● Exercise
Given the records below, pull every line with the word "Crescent" into the answer.

● Record excerpts

########################################

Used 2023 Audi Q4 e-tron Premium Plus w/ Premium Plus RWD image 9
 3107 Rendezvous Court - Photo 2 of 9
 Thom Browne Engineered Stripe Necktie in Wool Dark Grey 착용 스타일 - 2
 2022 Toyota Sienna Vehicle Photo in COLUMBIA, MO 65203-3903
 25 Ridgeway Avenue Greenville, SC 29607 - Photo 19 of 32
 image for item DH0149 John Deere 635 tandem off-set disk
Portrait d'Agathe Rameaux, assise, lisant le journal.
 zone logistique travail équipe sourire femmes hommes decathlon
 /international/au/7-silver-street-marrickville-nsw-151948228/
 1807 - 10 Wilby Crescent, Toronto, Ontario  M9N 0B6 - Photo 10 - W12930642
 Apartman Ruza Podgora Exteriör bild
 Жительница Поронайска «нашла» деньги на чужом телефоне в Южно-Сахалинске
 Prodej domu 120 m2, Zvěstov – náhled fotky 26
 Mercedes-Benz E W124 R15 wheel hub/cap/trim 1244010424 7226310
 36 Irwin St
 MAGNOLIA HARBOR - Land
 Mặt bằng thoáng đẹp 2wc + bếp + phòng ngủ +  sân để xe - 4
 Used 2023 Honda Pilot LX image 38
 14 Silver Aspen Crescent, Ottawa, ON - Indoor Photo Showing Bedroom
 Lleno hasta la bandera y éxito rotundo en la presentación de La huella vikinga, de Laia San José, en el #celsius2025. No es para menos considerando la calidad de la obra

########################################

● Exercise answer
 1807 - 10 Wilby Crescent, Toronto, Ontario  M9N 0B6 - Photo 10 - W12930642
 14 Silver Aspen Crescent, Ottawa, ON - Indoor Photo Showing Bedroom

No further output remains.